Because the contract includes sales through October 2015, MEA is also worried it may jeopardize its ability to find fuel supplies once it becomes self-sufficient in January 2015.

“The Commission should not allow the gas required to serve MEA’s base load starting January 1, 2015 to be committed to another utility, in this case GVEA,” Griffith added.

MEA currently purchases power from Chugach.

Because of these concerns, Griffith asked the RCA to launch a “formal investigation” to “provide a forum to hear directly from Chugach how the proposed agreement creates a ‘win-win-win scenario’ for the rate payers of Southcentral Alaska, and for the Commission to explore options for ensuring that, in this time of likely fuel shortages, the collective public interest is not compromised by the actions of the individual utilities.”

MEA has also asked to become a party to the proceedings.

While the contract provides for gas to produce power for the Interior, it also includes a clause allowing Chugach to curtail deliveries in the event of a Southcentral fuel shortage.

The RCA does not regulate producers, but it must approve all utility gas purchases.

GVEA and HEA on board

Golden Valley Electric Association believes the contract serves a public interest. Because of its dependence on oil-fired generation, GVEA rates are among the highest for any urban area in the state.
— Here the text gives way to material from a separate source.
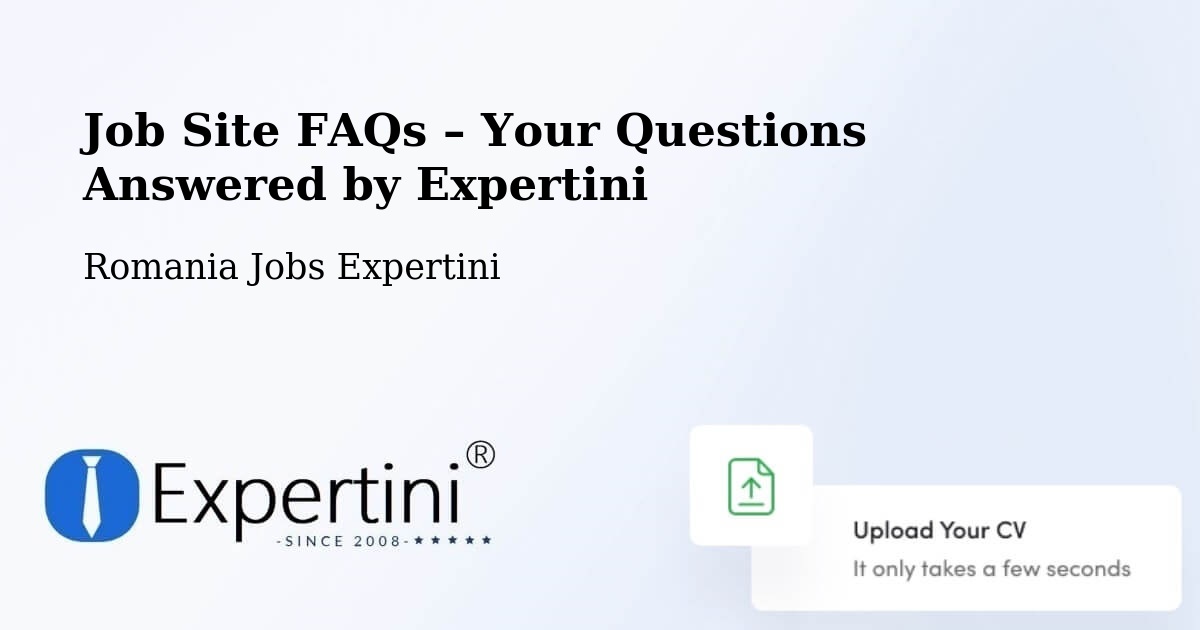 Job Site FAQs – Frequently Asked Questions – Dăbâca - Dăbâca, Romania Jobs Expertini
With Cook Inlet gas supplies dwindling, the amount of load requirements generated by oil increased by 40 percent in 2012, according to the utility.

By providing lower-cost gas-fired generation, the proposed contract would create savings that GVEA could “immediately” pass on to its customers, GVEA Vice President of Administrative Services Thomas K. Hartnell wrote in comments on Dec. 26.

“This is the proper statewide use of an Alaskan natural resource,” he wrote.

Homer Electric Association also blessed the contract.

While noting its benefits to the Interior and Southcentral, HEA General Manager Brad Janorschke called the proposed pricing mechanisms “reasonable and consistent with the gas costs of other recently approved gas agreements that the Commission has approved.”

But Enstar Natural Gas Co. wonders if the contract could exacerbate potential supply shortfalls in the future, and has therefore also asked to be a party in the proceedings.

While not opposing the sales, Enstar said it wants to help “build a full and accurate record of this (contract) may relate to the ongoing supply issues facing Cook Inlet.”